David Gilbert experienced a crowning moment when he picked up a maiden ranking title at the recent BetVictor Championship League, now he hopes he can press on and accumulate further silverware.
The Tamworth cueman defeated Northern Ireland’s Mark Allen 3-1 in the title match to finally land a first title after 19 seasons as a professional and four ranking final losses.
Since then Gilbert has followed that victory up with a run to the quarter-finals of the matchroom.live British Open and he defeated Ian Burns 4-0 today to qualify for the final stages of the BetVictor Northern Ireland Open.
We caught up with Gilbert to find out just how much it meant to him to scoop his maiden ranking title…
David, congratulations on your win at the Championship League. What was your immediate reaction when you got over the line in that final?
“I just finally smiled I guess, which is quite rare playing snooker. It is a nice feeling to finally be able to go back to the snooker club and not have to listen to the local guys, who have hammered me for years. They can’t really say anything. It is there in black and white. I am a winner. Happy days.”
Does the struggle to get to this point make it even more satisfying?
“I’ve had it, maybe ten years ago, when I’ve won a couple of games and been delighted. I’ve got to the next bit now, where I want to win events and I know my game is there to do it. When you have that mentality, unless you do go home with the trophy, then you are disappointed. Last week at the British Open I genuinely believed I could win that competition and when I lost to Gary Wilson, I went home and sulked for half an hour before going back to normal. It is a tough sport we are in and a tough world.”
Do you believe that the win will act as a monkey off the back and increase your chances of winning further events?
“I certainly hope so. I’d love to get into another position to win an event this season. I don’t want it to take another 20 years, that is for sure. I’ve got to make the most of the next five years. I am 40 years old and not a young pup. I never had a 50/50 game in a final before this, I’ve played legends in all of them. There is only one final that irritates me. The rest of them I am perfectly fine with. Now that win is done with, hopefully we are alright. People forget that there are 60 other players that feel they can win. Ronnie O’Sullivan is the greatest player ever and he doesn’t win everything. People say he is unbeatable but he isn’t. For normal people like me, winning an event isn’t an easy thing to do. Only one of us can go home with the trophy, but I hope I will be able to do it again soon.”
I assume the match you are referring to is the 2018 World Open final, which you lost 10-9 to Mark Williams having led 9-5, how difficult was it to get over that one at the time?
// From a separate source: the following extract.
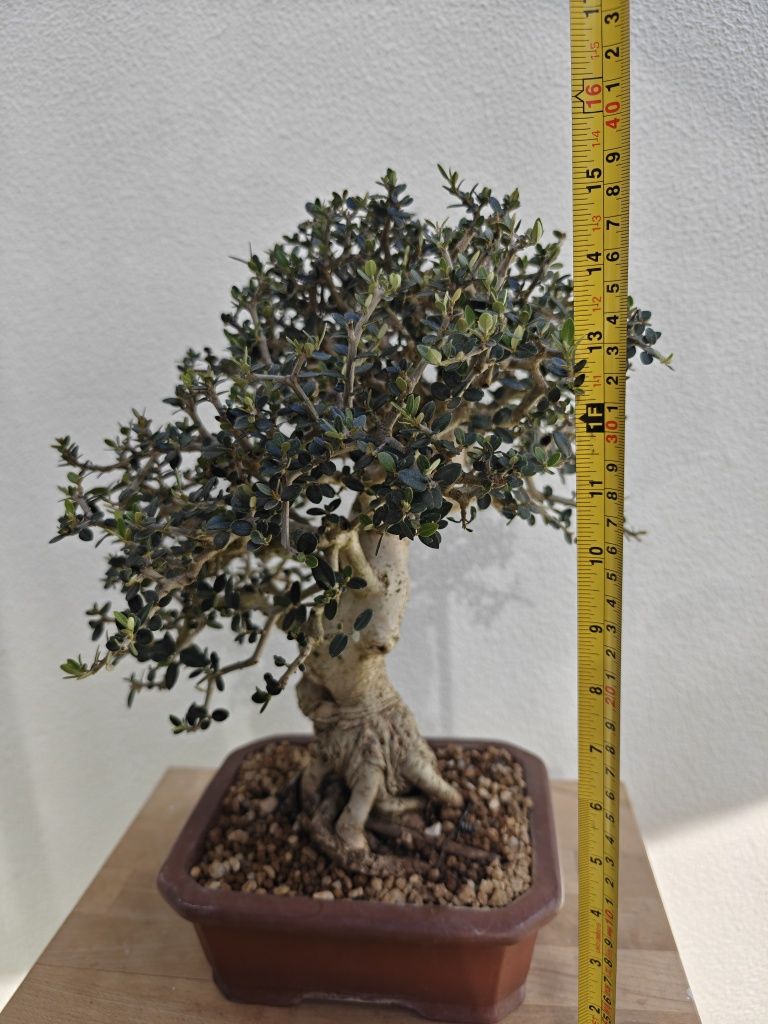 Bonsai de Oliveira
“That was the start of a big turn for me in my game. I got to that final unexpectedly, but I felt I played well enough to win it. That is undoubtedly the toughest defeat I’ve ever had. It still irritates me now. Nothing against Mark, he is clever, crafty and has balls of steel. I took a bit of hope from coming so close to winning that event, but it really did hurt me. It meant nothing to me having a good run and winning £75,000. It was about all of the years of sacrifice. I just wanted to pick up a trophy. I’d have given the money back to win that tournament.
“I’ve had to learn the hard way at this game. A lot of that is down to myself and how I applied myself years ago. I don’t mind taking baby steps. I’m always learning. It is harder to adapt and learn when you get older. I wish I did things differently years ago but I’ve made big inroads. It is nice to have had some better times on the table. There are a lot better players than me that haven’t been to the semis at the Masters and the one-table setup at the Crucible.”
What would it mean to press on and become a multiple event winner?
“For most of my playing career I never thought I could win. I suppose it is only the last few years where I went to tournaments thinking I had a chance to compete and go deep. I had some near misses and good runs in big events. They do add up and to go from thinking I couldn’t win, to being on the verge of scooping the jackpot can be difficult. There were moments where I thought I had blown my chance. It was lovely to get any win on the board. It didn’t matter if it was the Championship League, the Shoot Out or the UK Championship. A win is a win. I won’t get carried away and start talking like I’ve read every self help book going. I want to win another one now. Whether that will happen I don’t know. I will keep putting the effort in and keep trying to improve.”